## Work required:
Pictures in the data below are not part of the copy; transcribe everything else exactly.

## Exercise data:
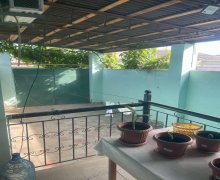 Satılır Həyət evi/villa Koroğlu m., Sabunçu r.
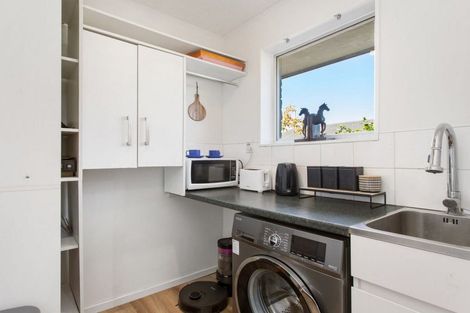 Photo of property in 484 Mairehau Road, Parklands, Christchurch, 8083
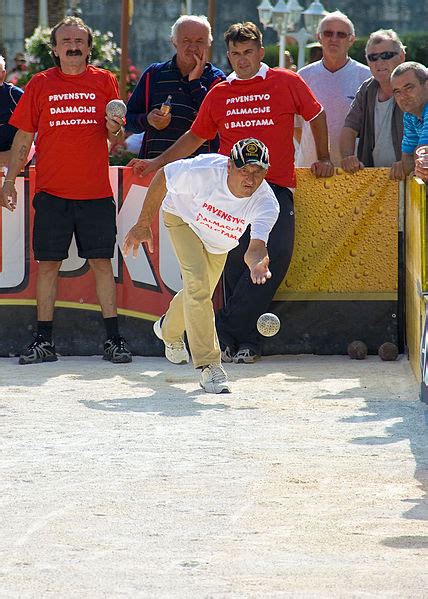 Special Olympics – Hurraki - Wörterbuch für Leichte Sprache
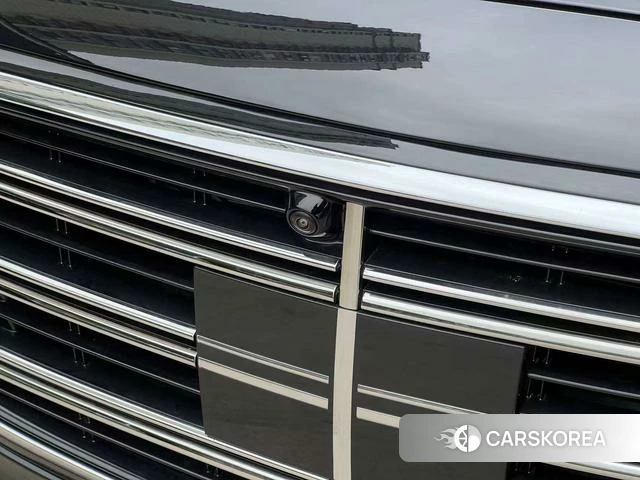 Mercedes-Benz E-class id 4027643 из Китая 23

## Output of the exercise:
 Satılır Həyət evi/villa Koroğlu m., Sabunçu r.
 Photo of property in 484 Mairehau Road, Parklands, Christchurch, 8083
 Special Olympics – Hurraki - Wörterbuch für Leichte Sprache
 Mercedes-Benz E-class id 4027643 из Китая 23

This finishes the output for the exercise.